Tissue Is More Important than Time in Stroke Patients Being Assessed for Thrombolysis
AuthorBivard, A; Spratt, N; Miteff, F; Levi, C; Parsons, MW
Source TitleFrontiers in Neurology
PublisherFRONTIERS MEDIA SA
Document TypeJournal Article
CitationsBivard, A., Spratt, N., Miteff, F., Levi, C. & Parsons, M. W. (2018). Tissue Is More Important than Time in Stroke Patients Being Assessed for Thrombolysis. FRONTIERS IN NEUROLOGY, 9 (FEB), https://doi.org/10.3389/fneur.2018.00041.
Access StatusOpen Access
Aim: The relative prognostic importance of modern imaging profiles compared with standard clinical characteristics is uncertain in acute stroke patients. In this study, we aimed to compare baseline multimodal CT imaging measures with known clinical predictors of patient outcome at 3 months [modified Rankin scale (mRS)]. Methods: We collected baseline, 24 h, and day 90 clinical and imaging data from acute ischemic stroke patients being assessed for thrombolytic therapy between 2010 and 2015 at a single center as part of a retrospective analysis.
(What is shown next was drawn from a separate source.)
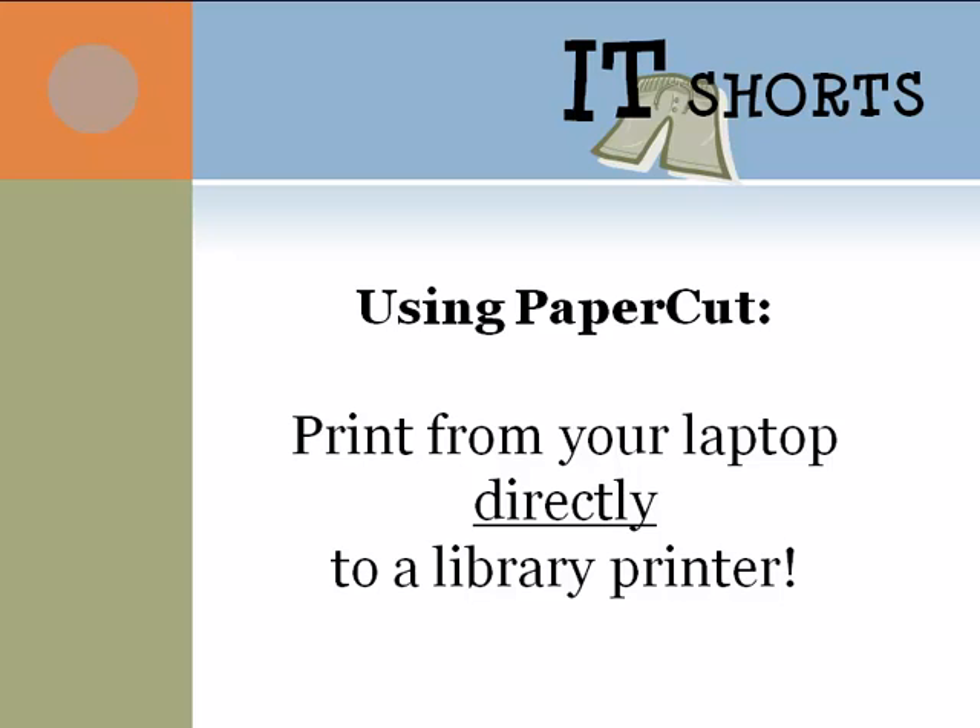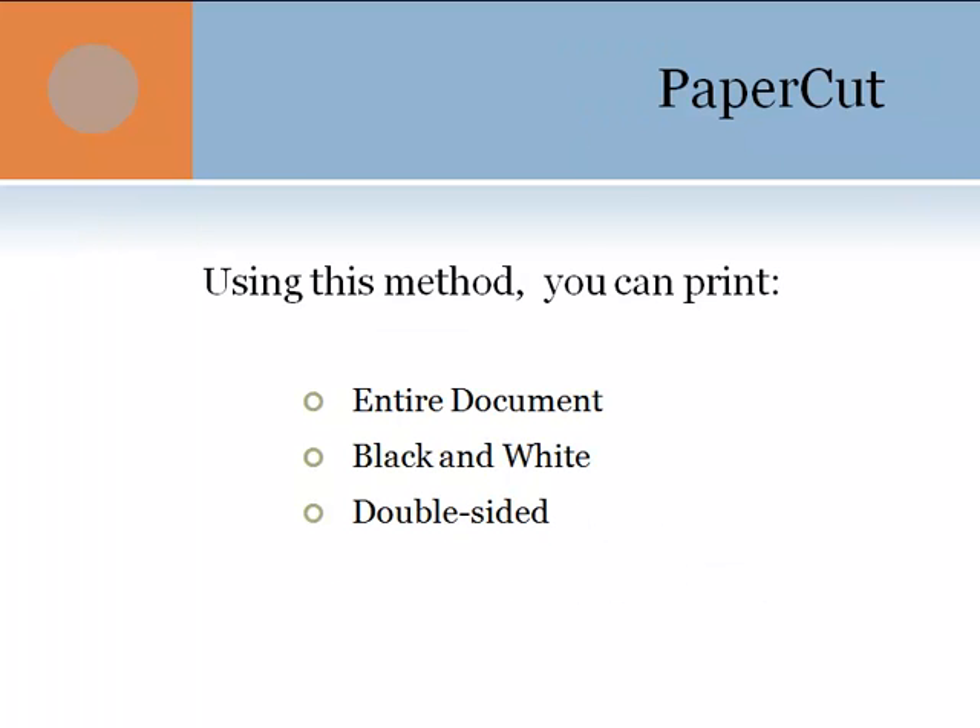Let's talk about PaperCut. Did you know you can print from your personal laptop computer directly to a library printer? This is one of the new features of PaperCut, so you no longer have to copy your files onto a flash drive or a thumb drive and then wait for one of the library computers to free up so that you can print your documents.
Results: 561 patients presenting within 4.5 h of ischemic stroke onset who were eligible for thrombolysis based on standard clinical criteria were assessed. Acute infarct core volume on CTP was the strongest univariate predictor of patient outcome (mRS 0-2, R2 0.497, p < 0.001), followed by collateral grade (mRS 0-2, R2 0.281, p < 0.001). The strongest baseline clinical predictor of outcome was National Institutes of Health Stroke Scale (NIHSS) (mRS 0-2, R2 = 0.203, p < 0.001). Time to treatment (mRS 0-2, R2 0.096, p = 0.01) and age (mRS 0-2, R2 0.027, p = 0.013) were relatively weak univariate baseline clinical predictors of 3-month outcome. In multivariate analysis, acute infarct core volume and collateral grade were the only significant baseline predictors of 3-month disability (both p < 0.001). Conclusion: In patients assessed for thrombolysis by combined clinical and multimodal CT criteria within 4.5 h of onset, the size of the CTP infarct core and collateral grade on multimodal CT were highly predictive of patient outcome. Standard clinical variables, including time to treatment and NIHSS, were not as strongly predictive as multimodal CT variables.